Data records
::::::

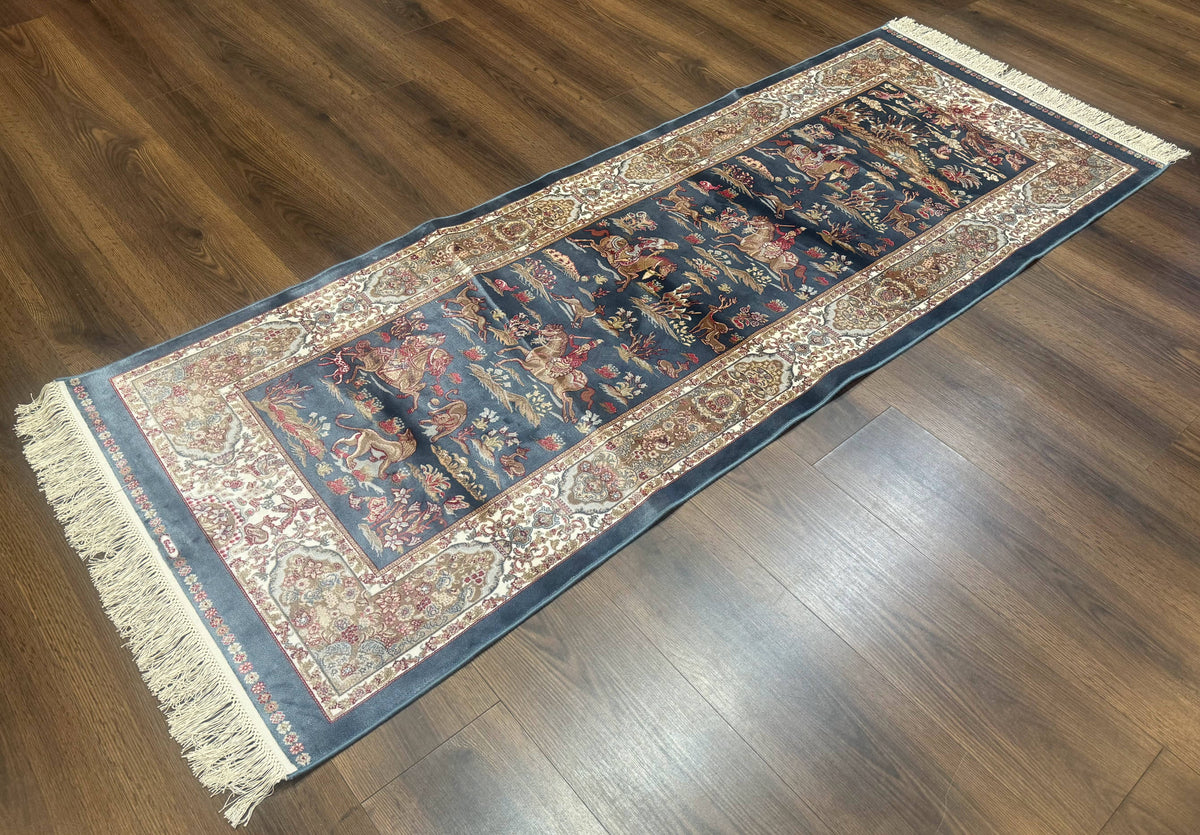 Turkish Silk Rug 2.6 x 6.7, Short Runner Rug, Blue & Ivory, Bamboo Silk, New - Jewel Rugs, view 2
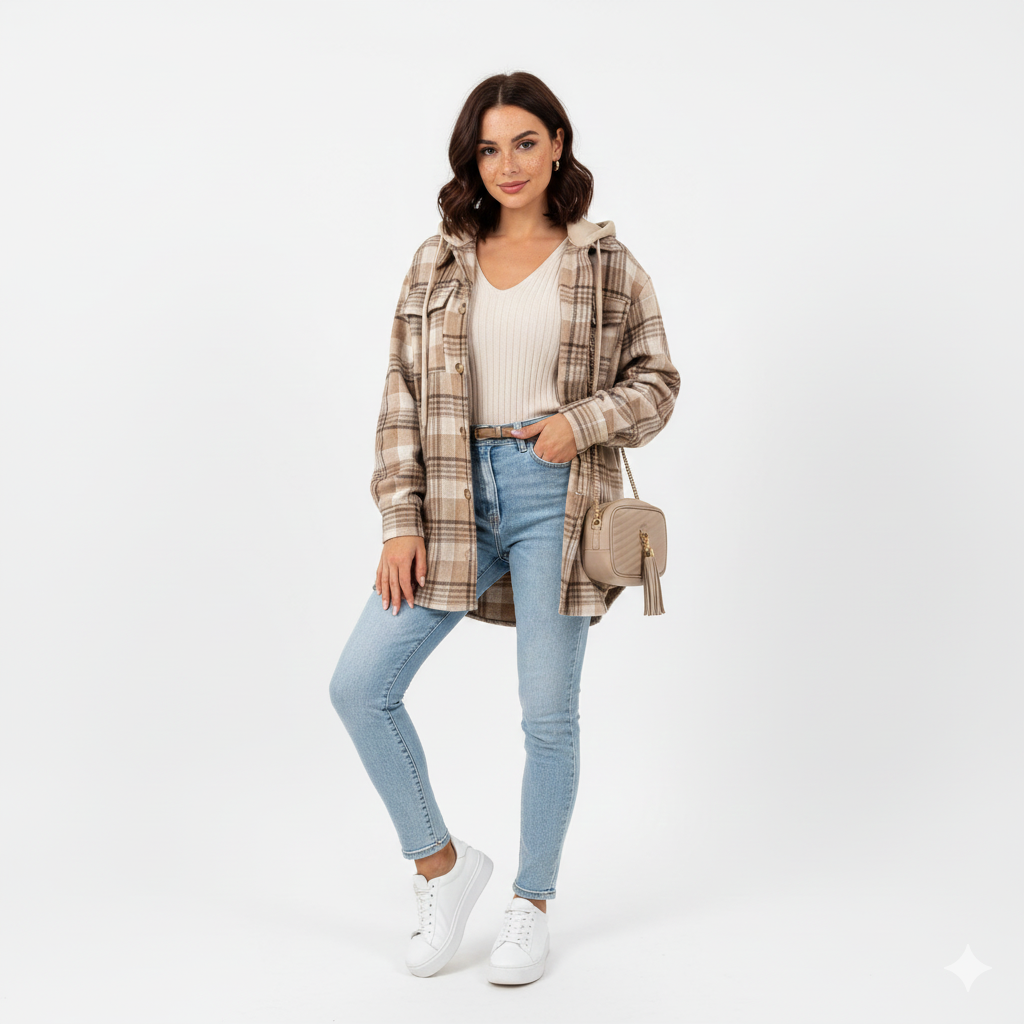 Lian Damejakke med hette – Varm rutete jakke med avslappet passform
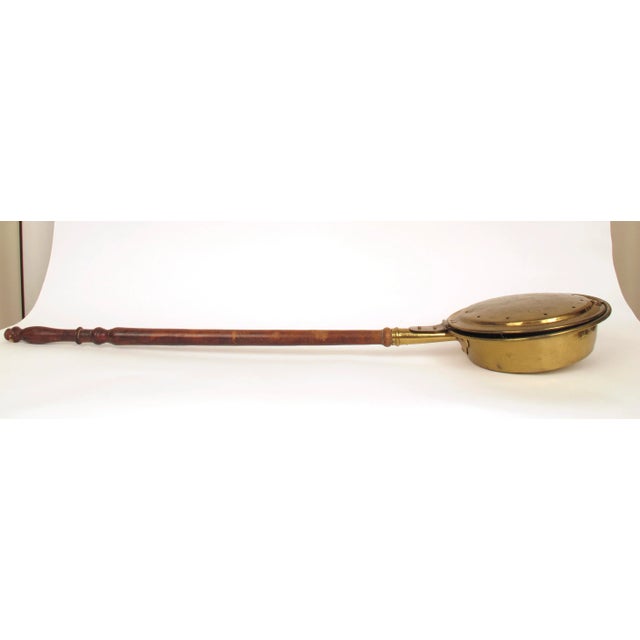 Late 19th Century Early Antique English Brass Bed Warmer With Embossed Bird Decorative Lid For Sale In Tampa - Image 6 of 13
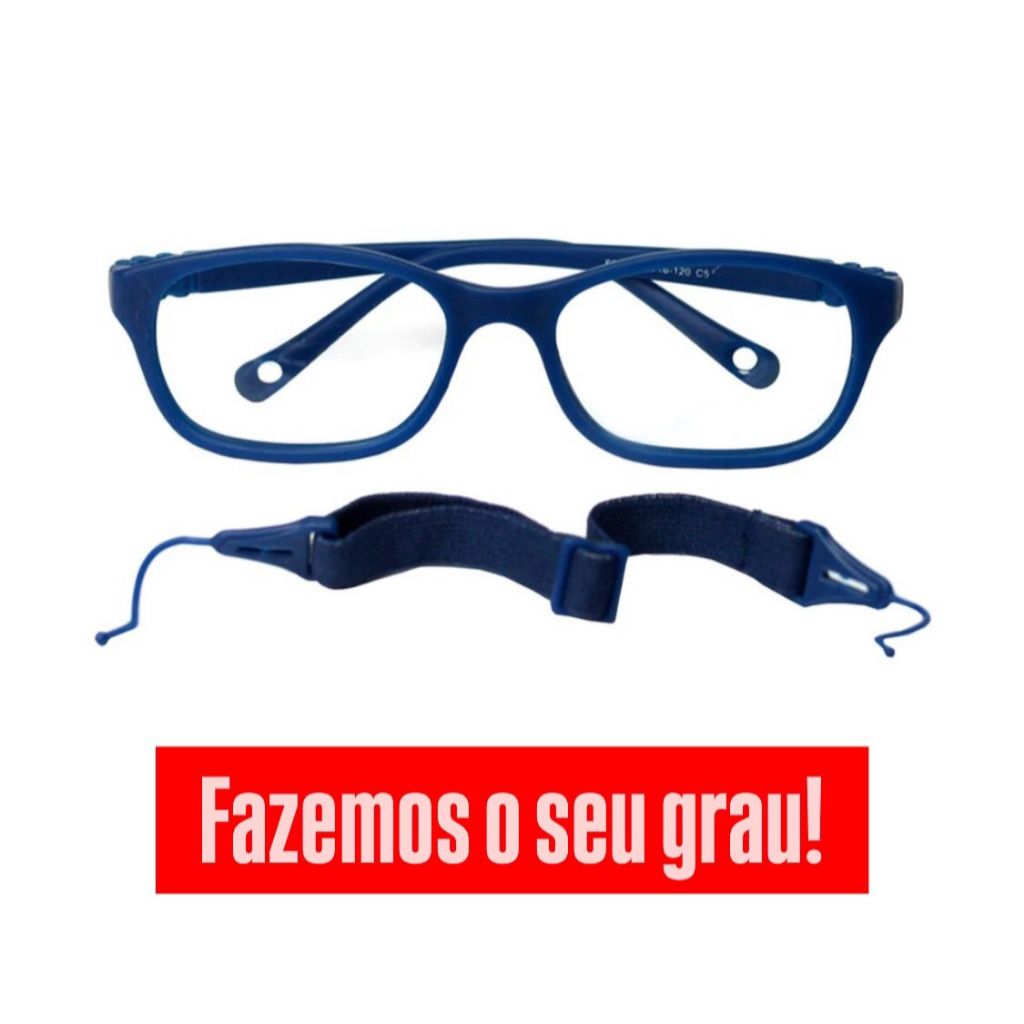 Armação Óculos Grau Flexível Silicone Azul 0 a 4 Anos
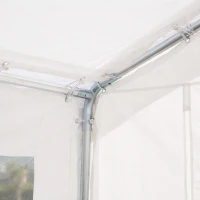 Outsunny 32" x 20" Outdoor Heavy Duty Carport Canopy Gazebo Wedding Party Tent Garage - White(m-13)
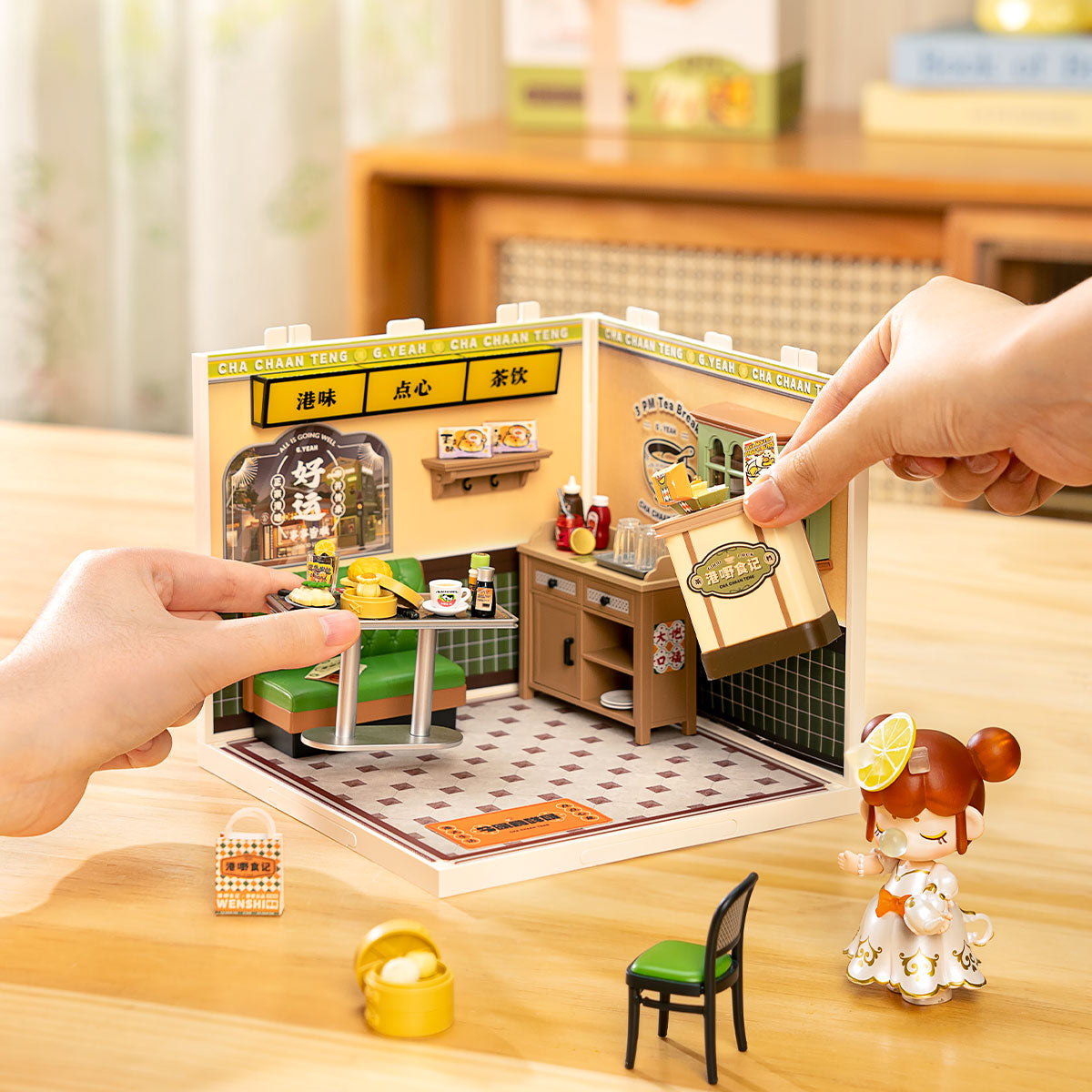 Rolife Super Creator Hong Kong Bites Cafe DIY Miniature House (DW021) | 1:24 Scale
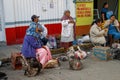 Mexican indigenous people at sunday market in Oaxaca region Royalty Free Stock Photo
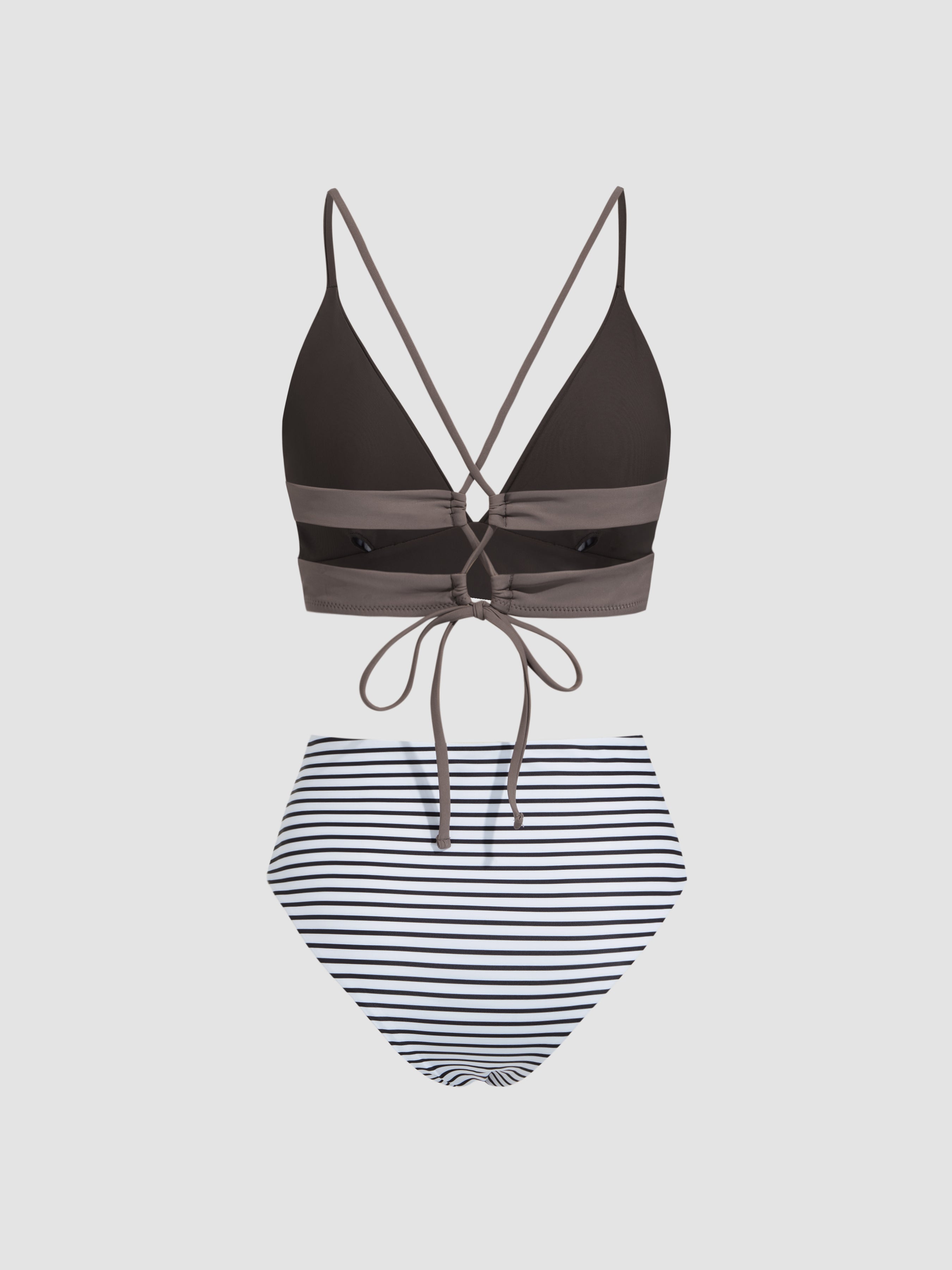 Striped Strappy Bikini Swimsuit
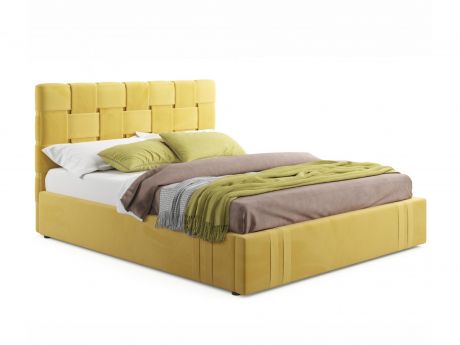 Мягкая кровать Tiffany 1600 желтая с подъемным механизмом с матрасом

::::::

▸ **DIRECTIONS FOR THIS TASK**: With the pictures left out, output the lines from the one containing "Lian Damejakke med" through the last line of the records above, exactly as they are.

▸ **RESULT FOR THIS TASK**:
 Lian Damejakke med hette – Varm rutete jakke med avslappet passform
 Late 19th Century Early Antique English Brass Bed Warmer With Embossed Bird Decorative Lid For Sale In Tampa - Image 6 of 13
 Armação Óculos Grau Flexível Silicone Azul 0 a 4 Anos
 Outsunny 32" x 20" Outdoor Heavy Duty Carport Canopy Gazebo Wedding Party Tent Garage - White(m-13)
 Rolife Super Creator Hong Kong Bites Cafe DIY Miniature House (DW021) | 1:24 Scale
 Mexican indigenous people at sunday market in Oaxaca region Royalty Free Stock Photo
 Striped Strappy Bikini Swimsuit
 Мягкая кровать Tiffany 1600 желтая с подъемным механизмом с матрасом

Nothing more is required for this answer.